Please allow me to state all of the salient facts.

I am going to deploy a .NET database application in the field, where I
will have no direct control over it. It is a single-user standalone
database application that uses the JET4.0 oledb provider against an
Access 2000 database. The app consists of an EXE and a single MDB.

As many of you know, Access databases tend to grow quite a lot because
the engine caches data in work tables. After a day or two, adding and
deleting just a few hundred records using ADO.NET, issuing various
queries that involve most of the tables, my 600K starter database can
grow to be well over 3MB. And it probably contains less than 50K of
actual data in the tables!

Access provides a Compact option that reclaims this work area and
shrinks the database. I am trying to track down how to compact the MDB
in DOTNET using oledb, but the KB article seems to have been withdrawn,
which makes me worry that it won't be possible.

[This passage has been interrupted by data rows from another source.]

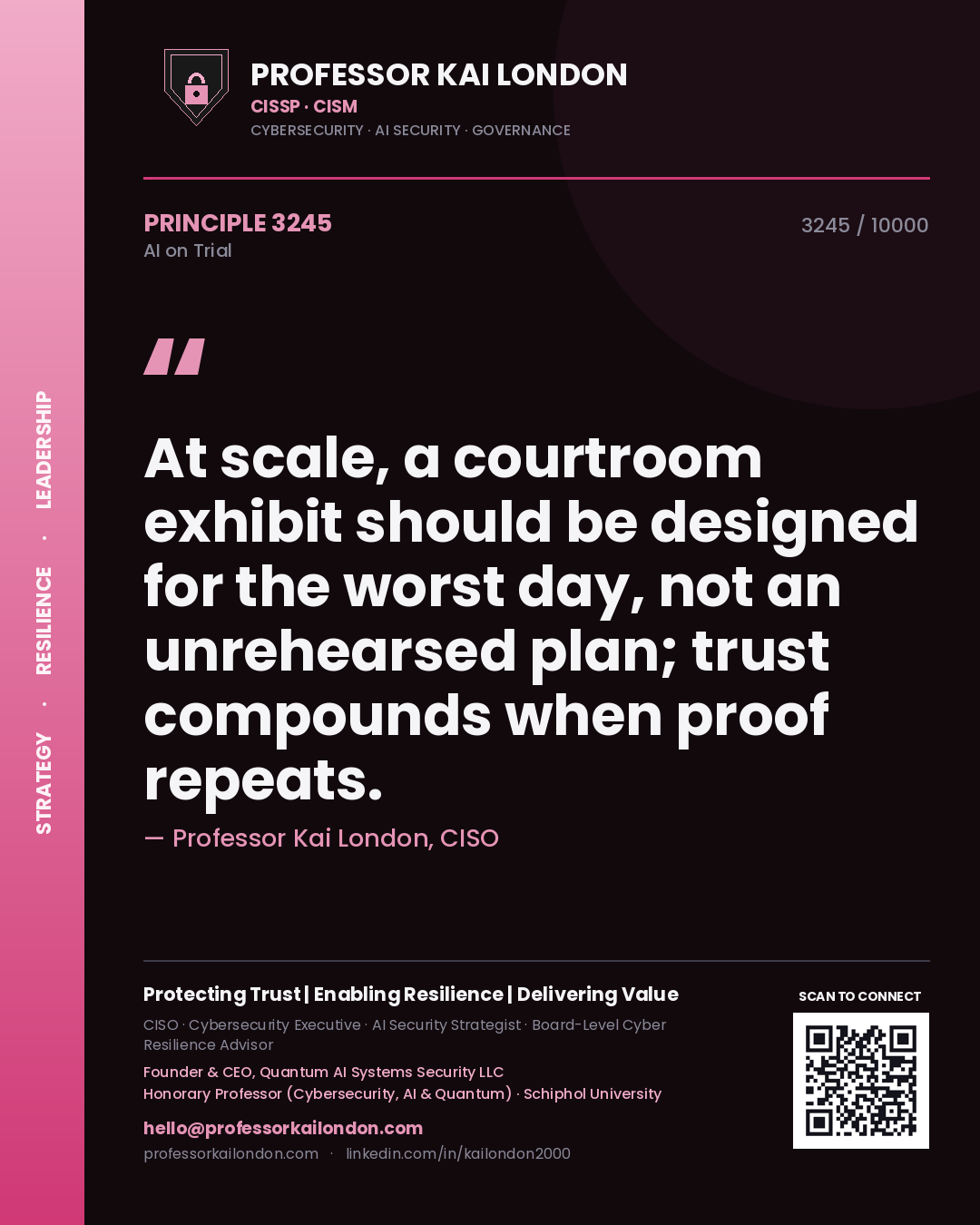 Professor Kai London principle 3245: At scale, a courtroom exhibit should be designed for the worst day, not an unrehearsed plan; trust compounds when proof repeats.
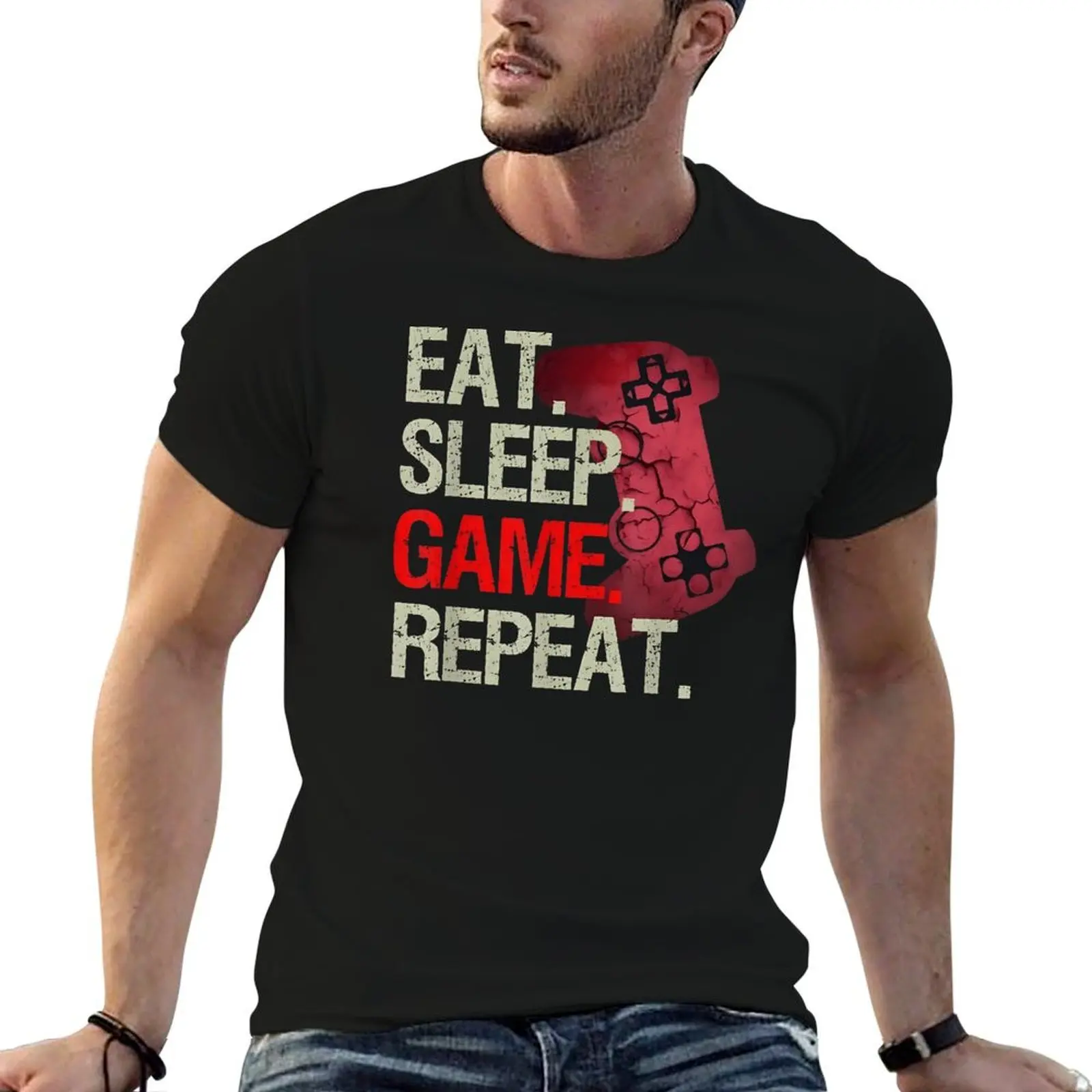 Eat Sleep Game Repeat Design T-shirt Crewneck Motion Top Tee Novelty Leisure Nerd USA Size
Eat Sleep Game Repeat Design T-shirt Crewneck Motion Top Tee Novelty Leisure Nerd USA Size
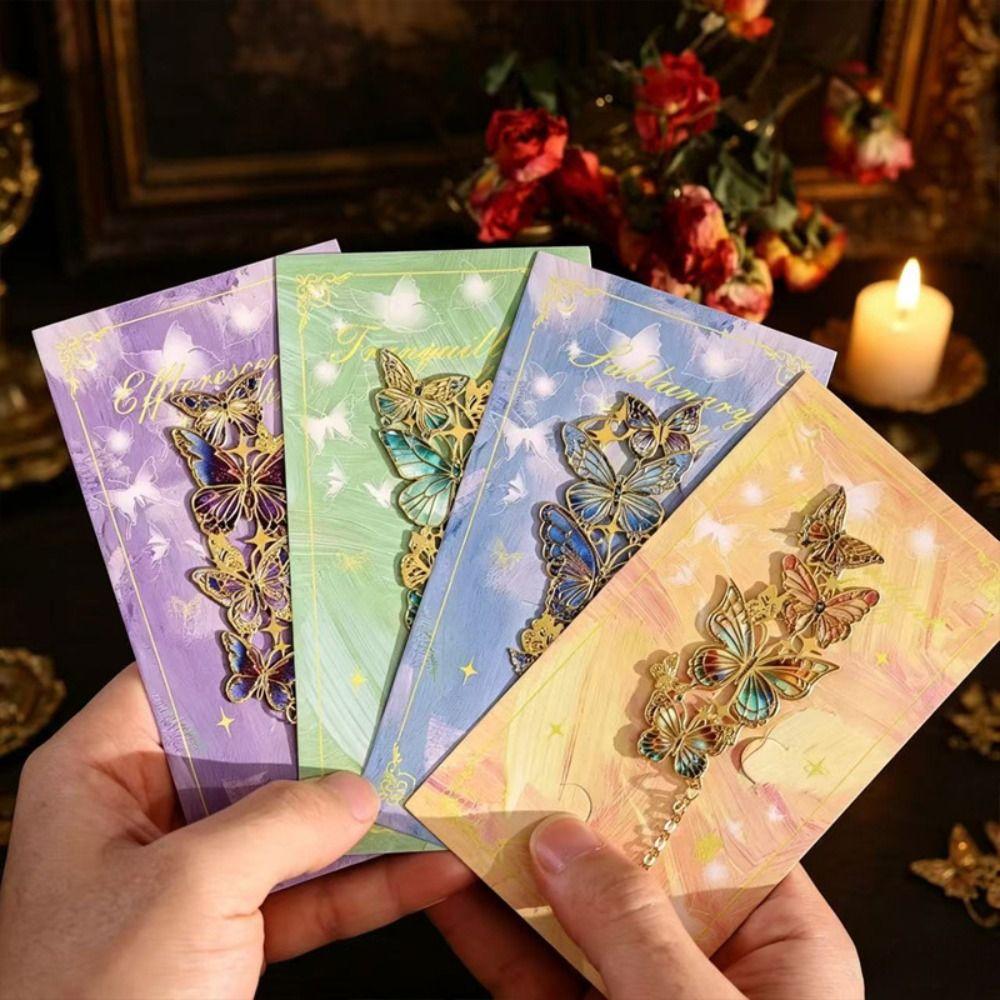 Creative Metal Butterfly Bookmark Chinese Style Decorative Bookmark Reading Accessory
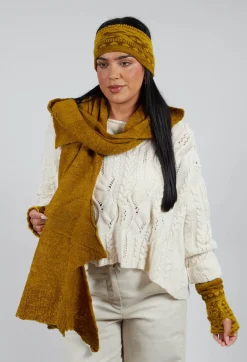 Block Wool Scarf in Mustard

http://support.microsoft.com/default.aspx?scid=kb;EN-US;Q306538

I would appreciate any sage advice on how to approach the problem of the
expanding database given the scenario above (but not the kind that tells
me to use MSDE -- the deployment package has to be really small.)

TIA
Timo
 
Doug,
Thanks for the suggestion about the temporary databases. I am sorry I
was unclear -- though only a few records are added per day, the data
must persist. But the tables are queried in various combinations very
often throughout the day.

I *believe* from what I've read that JRO can be called from .NET -- the
examples involved console applications. I did find a copy of Q306287:

"SUMMARY: Neither ActiveX Data Objects (ADO) nor ADO.NET provide the
means to compact or repair Microsoft Access Databases. However, you can
accomplish this task by using the Microsoft HET OLE DB Provider and
Replication Objects (JRO) that was introduced with Microsoft Data Access
Components (MDAC) version 2.1. ADO.NET allows the use of COM-based
object libraries through the Interop layer."

Timo
 
Yes, thank you. After continued searching I found those, though my
intial attempts kept coming back with no hits.
 
Timo,

I have been programming with ADO, OLEDB and the Jet database engine for
several years - so I am quite familar with the growth of the Jet
database file. I am not aware of growth as a result of "work tables" -
in fact, I was questioning the following claim:

the create/delete/create/delete/create/delete scenario is terrible - the
database will grow way beyond the minimum required size.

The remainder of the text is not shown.